* WORK TO BE COMPLETED *
Give the data again in full, without pictures.

**** DATASET RECORDS ****

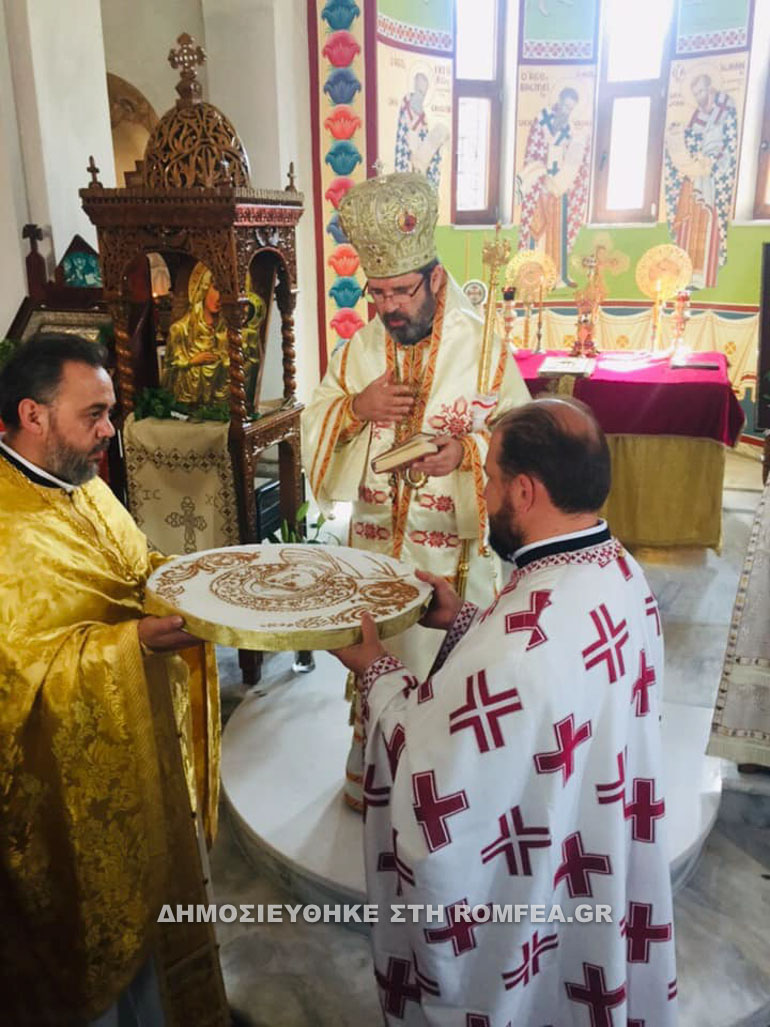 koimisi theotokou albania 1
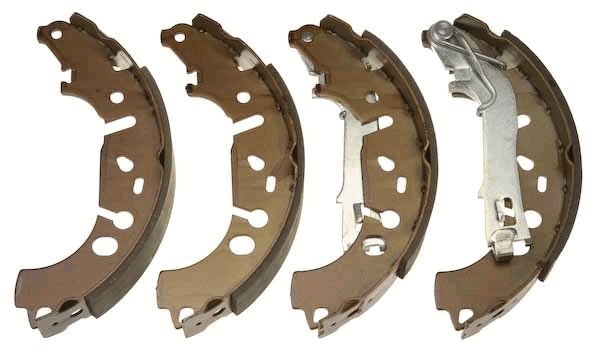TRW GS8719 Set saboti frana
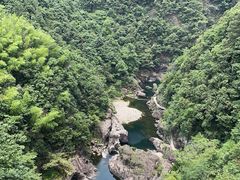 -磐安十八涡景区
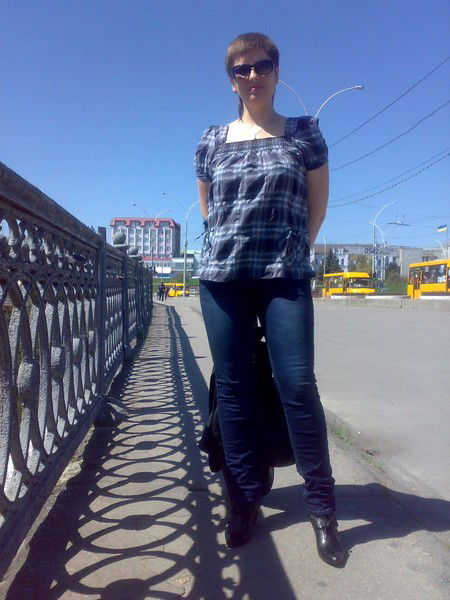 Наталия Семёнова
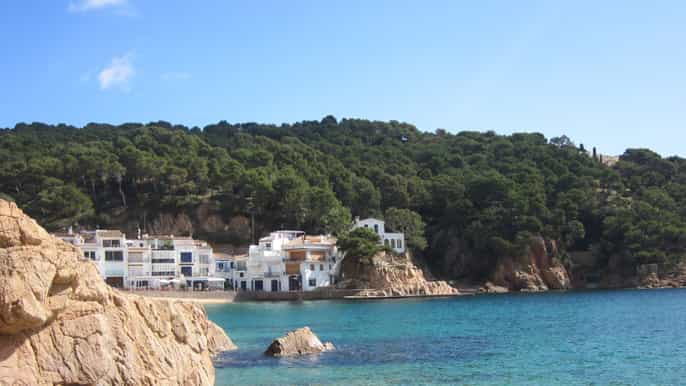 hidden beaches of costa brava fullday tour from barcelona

****

* FINAL ANSWER *
 koimisi theotokou albania 1
TRW GS8719 Set saboti frana
 -磐安十八涡景区
 Наталия Семёнова
 hidden beaches of costa brava fullday tour from barcelona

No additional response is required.